Insecure

He asked me what my biggest insecurity was. Fidgeting with the grass, pulling it up between my fingers, I struggled with the words. So I let a soft “no” leave between my lips. I wasn’t comfortable telling him. I stared at my fingers, my insecurity felt so obvious to me. I didn’t understand how he didn’t notice. Everyone did.

They had to.

They ask me why I couldn’t change what was bothering me. And I do. I constantly spend money trying to remove this and that. Picking at myself when I’ve gone too long. My fingers grab at self hate. These nails scratch the surface, digging deeper and deeper, leaving cuts and reminders. Awareness that they can see what I hate. I break down under the pressure. Tossing and turning in bed, as if it’s too hot in the room and this comforter is suffocating me, wondering how I could continue on like this.

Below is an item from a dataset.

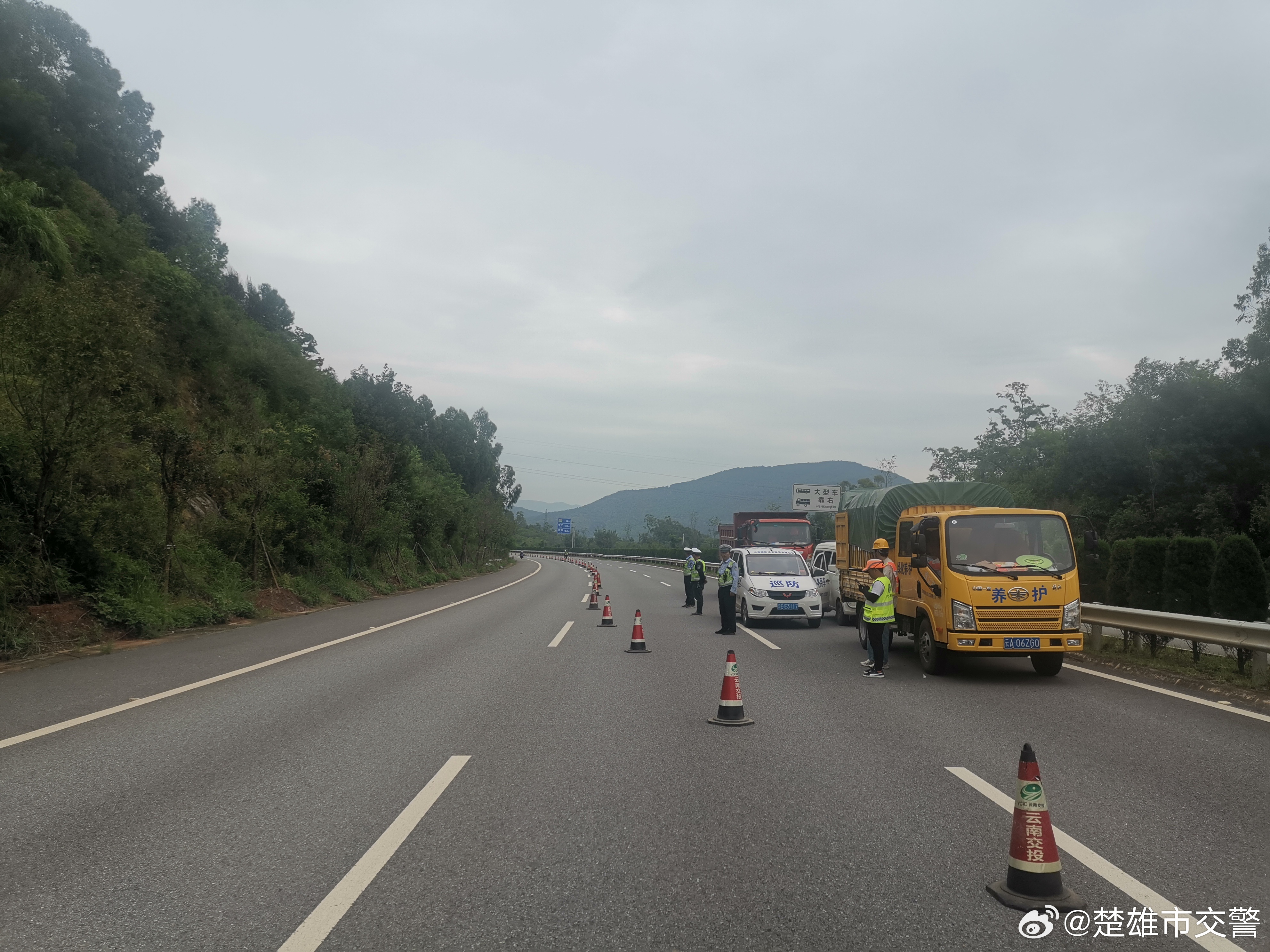 楚南路苍岭至楚雄方向路面修补施工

I know that I’ll never be enough for myself if I continue on this way. I try to remember that I’m more than this. I’m all these positive things people say I am. But it won’t change what I hate. Simply dull the anxiety when they notice.

Words of Affirmation

I spat the words out, leaving a bad taste in my mouth. How could I use these moments to speak so lowly of myself? I paused cause I was my greatest friend. I needed to speak gently to myself.

It didn’t work.

Disgusting and worthless. The words felt like labels on my forehead. And I couldn’t help but think they were true. In the pit of my stomach I knew I deserved every terrible comment anyone made about me. I looked in the mirror, wiped the tears from my eyes, and repeated my mantra. I would always remain light and love. I asked around, wondering they saw the same in me. Their words came gentle and kind but I couldn’t see anything in the dark. 

This feeling of uselessness didn’t last long. Only long enough to remind myself this confidence I built ain’t always solid. Sometimes it takes more that positive words and kind friends to love yourself.